What to work on
Exact copy, no pictures: output each line below as it stands.

Materials provided

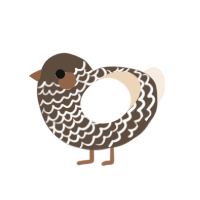 A bark and cream chicken with a lace pattern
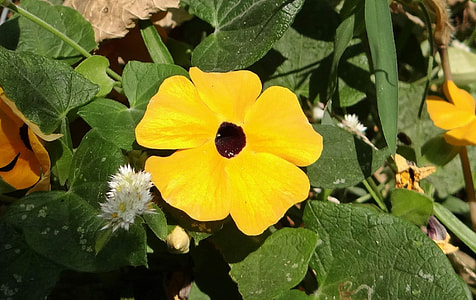 Black-Eyed Susan Vine, Thunbergia Alata thumbnail
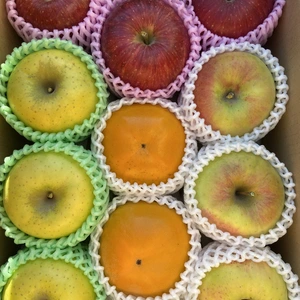 旬の果物詰合せ りんご、甘柿 フルーツボックス♪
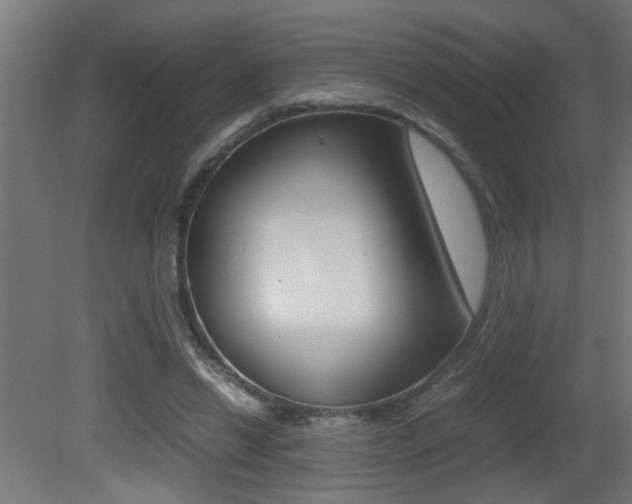 X0000081310446200701111007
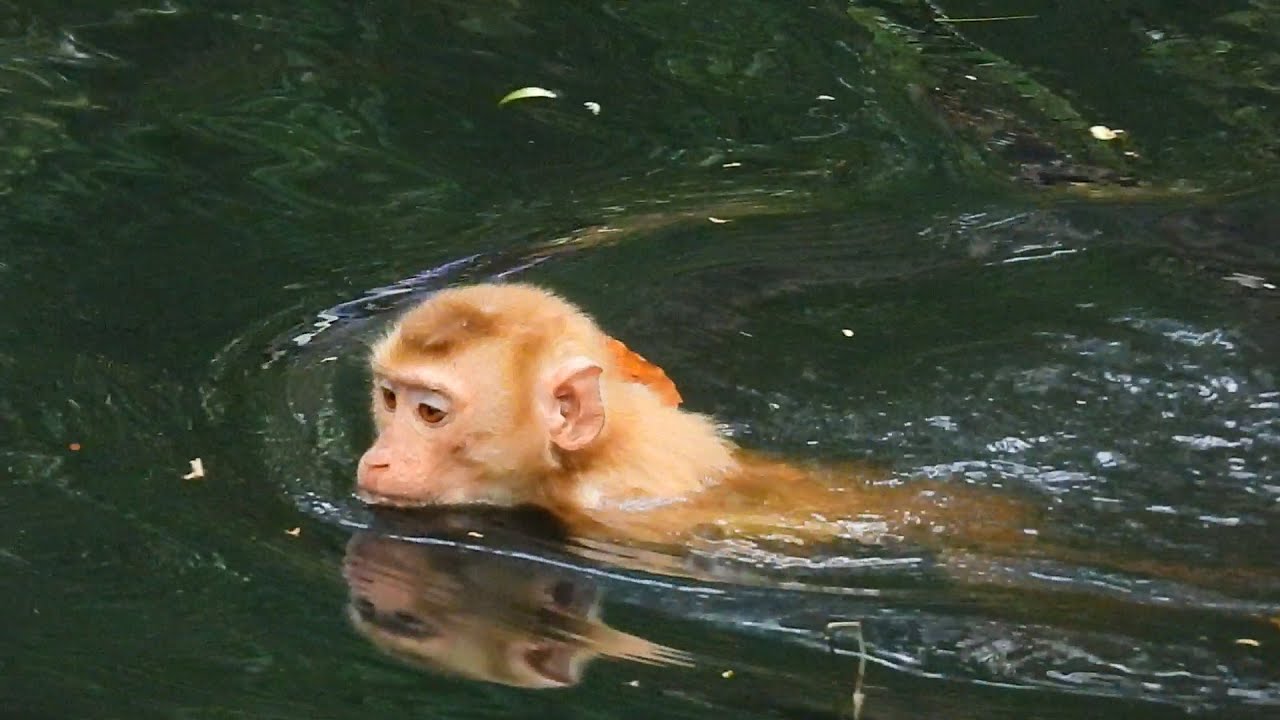 Monkeys are playing and bathing happily - YouTube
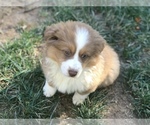 Small Photo #5 Australian Shepherd Puppy For Sale in COLESVILLE, MD, USA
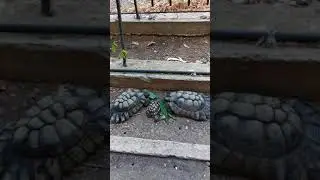 Черепашки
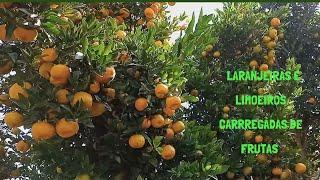 Como adubar as laranjeiras e limoeiros para encher de  frutos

Answer to the exercise
 A bark and cream chicken with a lace pattern
 Black-Eyed Susan Vine, Thunbergia Alata thumbnail
 旬の果物詰合せ りんご、甘柿 フルーツボックス♪
 X0000081310446200701111007
 Monkeys are playing and bathing happily - YouTube
 Small Photo #5 Australian Shepherd Puppy For Sale in COLESVILLE, MD, USA
 Черепашки
 Como adubar as laranjeiras e limoeiros para encher de  frutos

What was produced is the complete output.